START Data extracts

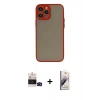 MARSİLYAN™- iPhone 14 Pro Max Kılıf Ahenk Çizgi Serisi - Siyah Bilvis 3D Mat Cam Ekran Koruyucu + Siyah Bilvis Titan Kamera Lens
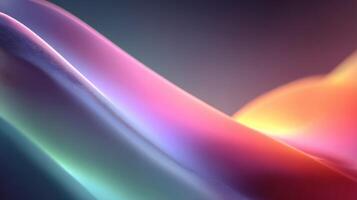 Colorful abstract waves flow smoothly creating a mesmerizing visual experience at dusk in a digitally manipulated landscape photo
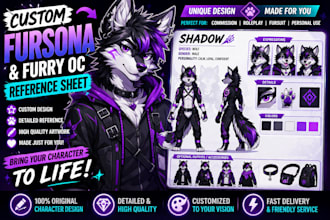 create custom detailed fursona oc and furry reference sheet
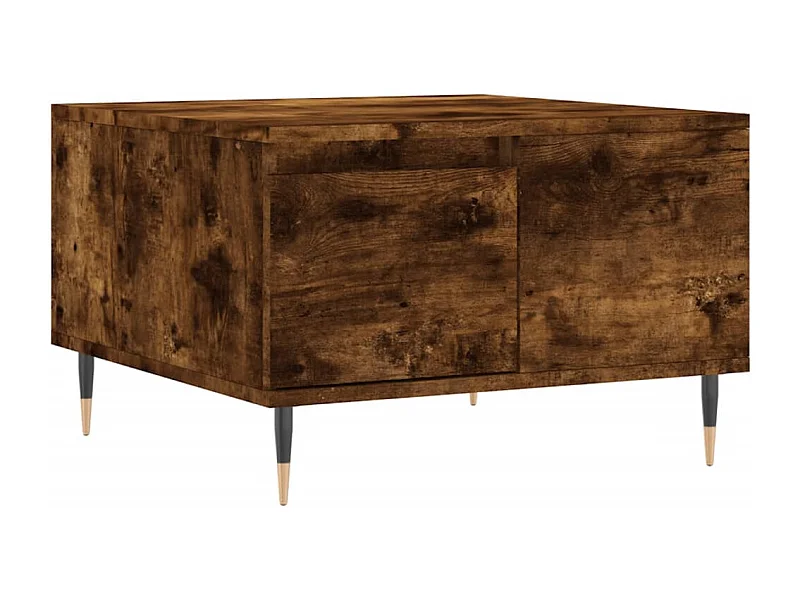 Mesa de centro | Mesa auxiliar madera ingeniería metal roble marrón 95x95x45 cm SHL4348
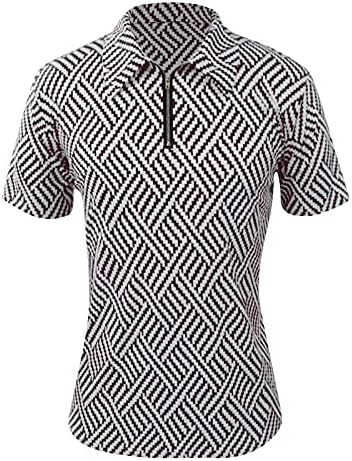 T-shirt de golfe masculino zíper casual colarinho de gole de henry tops henringbone pólo de camisa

END Data extracts

What the task asks:
Copy out exactly the lines between the line containing "create custom detailed" and the end of the entries, including both, and leave the pictures behind.

Exercise solution:
 create custom detailed fursona oc and furry reference sheet
 Mesa de centro | Mesa auxiliar madera ingeniería metal roble marrón 95x95x45 cm SHL4348
 T-shirt de golfe masculino zíper casual colarinho de gole de henry tops henringbone pólo de camisa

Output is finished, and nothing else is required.